One of the greatest fears about the social credit system is that the ‘credit consequences’ for a violation could become a way of covertly increasing the violations’ statutory penalty. Meaning that since ‘untrustworthy conduct’ refers to violations of laws and legal obligations, there shouldn’t be any collateral consequences that increase the punishment beyond what the relevant law authorizes. A parallel might be the lasting impact of a criminal record long after a sentence has been served.
The new rules are at pains to say that this can’t be tolerated. That there must be a legal basis for penalties and that if the law doesn’t allow for sufficient penalties, the correct approach is to lobby to amend the law, not use social credit.
A global concern today is the collection of personal information and the new rules attempt to regulate what information should be collected and used as ‘credit information’.
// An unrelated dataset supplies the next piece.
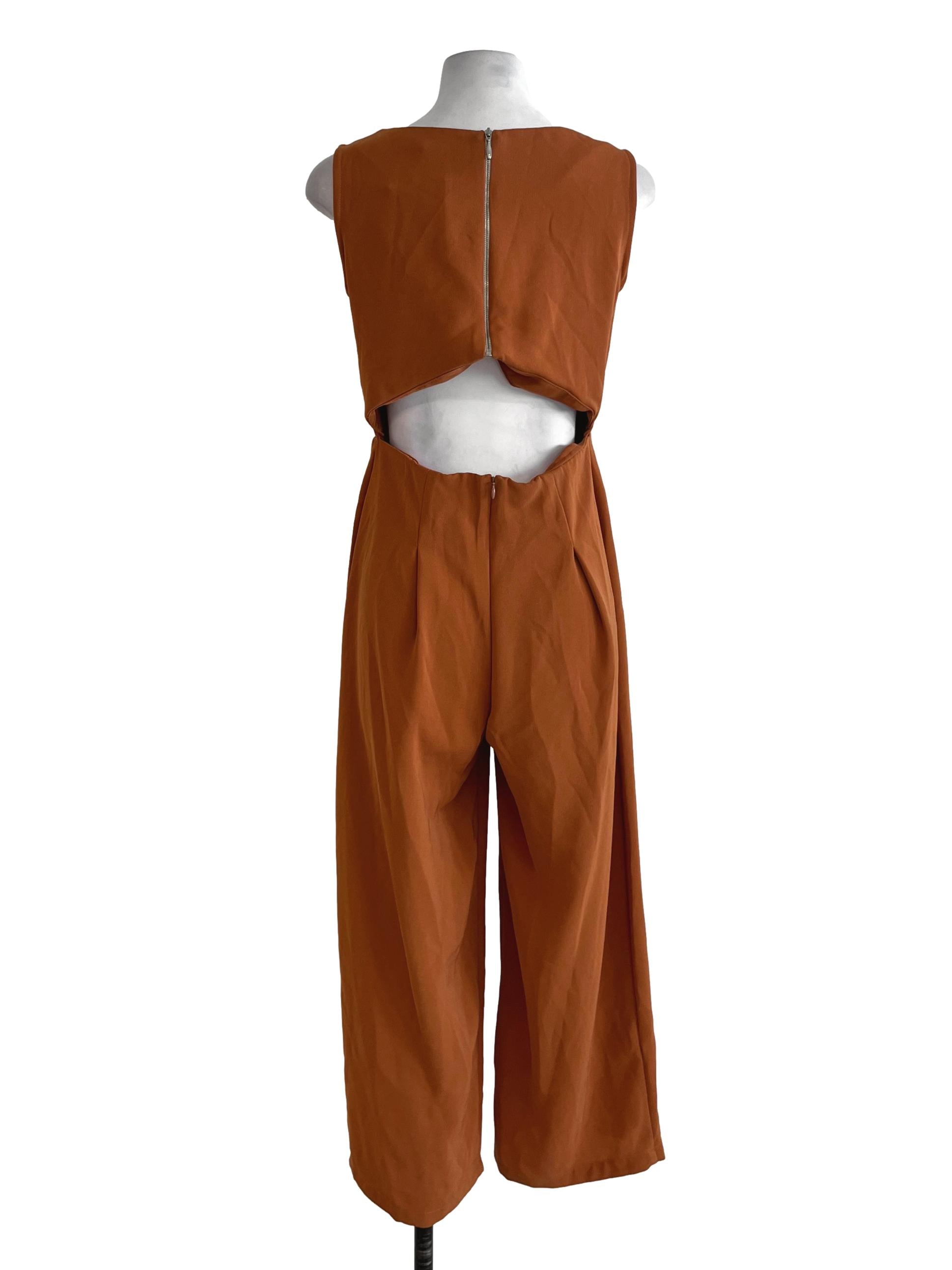Tawny Brown V-Neckline Jumpsuit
The inclusion of ‘Public Credit Information’-the information collected or generated by government agencies in the course of their duties- in social credit is to be limited to the types of information in a national uniform catalog created by the inter-agency committee for establishing social credit with the input of legal experts, scholars, affected businesses, industry associations, and others. Local public credit information catalogs have been available for some time, but a national catalog will limit local discretion and help standardize the system.
The purpose of collecting or using information is also required to be indicated- and consent must be given for the collection of information that isn’t authorized by law. To try and ensure that consent is voluntarily given, the rules say that it must not be coerced or gamed through methods like demanding blanket consent. This follows recent moves on privacy in the commercial sector.
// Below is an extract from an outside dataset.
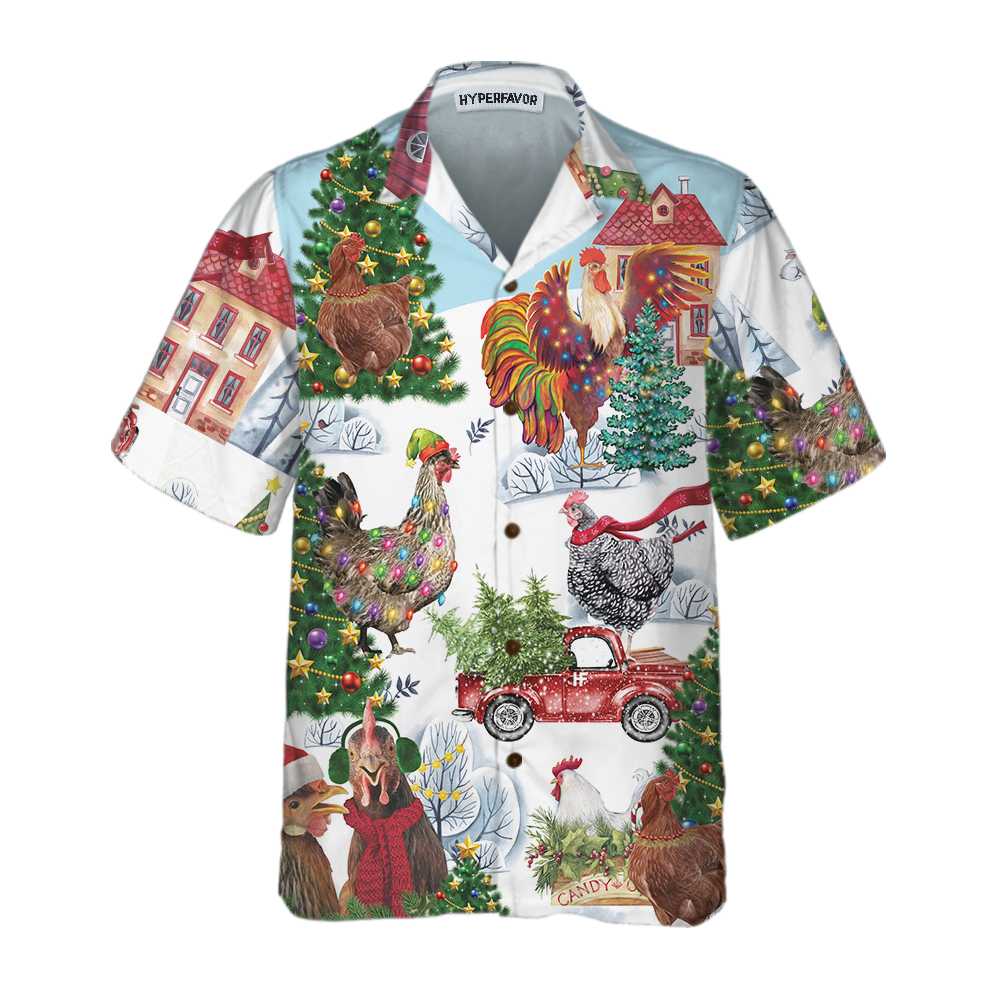 Drune | Weihnachts-Huhn Hawaiian Shirt, Lustiges Huhn Weihnachts Shirt, Beste Weihnachtsgeschenk Idee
If something is to be considered negative credit information- it must be based on judicial rulings, arbitration documents, administrative decisions and rulings, or other effective legal documents. Again, social credit is concerned with recording and publicizing violations of laws and legal obligations.
The draft rules are open for public comment until August. As written, they would require that industry blacklist and social credit rules comply with them by the end of 2021 or be invalidated.
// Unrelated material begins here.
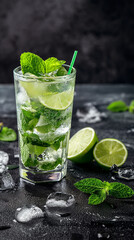 Mojito cocktail in glass, refreshing alcohol drink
Much of what they say is positive, but not groundbreaking in that they largely restate principles that were always in place or were emerging in practice over the past several years. Moreover, the draft, like much national level authority is quite vague, leaving room for future problems. The required national catalog of public credit information or punishment lists, for example, are yet to be seen, nor are specific mechanisms and procedures for credit restoration and corrections. The requirements that all standards and rules for punishments be made public may ultimately be among the most concrete improvements- allowing monitoring and analysis of the systems’ evolution.
Most critically, the main purpose of the draft is to harmonize social credit with China’s existing legal system, and while ‘legality’ should be a minimum requirement, it is no panacea. Many laws creating obligations or prohibiting conduct in China are unclear or easily abused. Others, that criminalize speech such as mockery of the national anthem are simply unjust. Limiting social credit to the enforcement of such laws, can’t improve those underlying laws.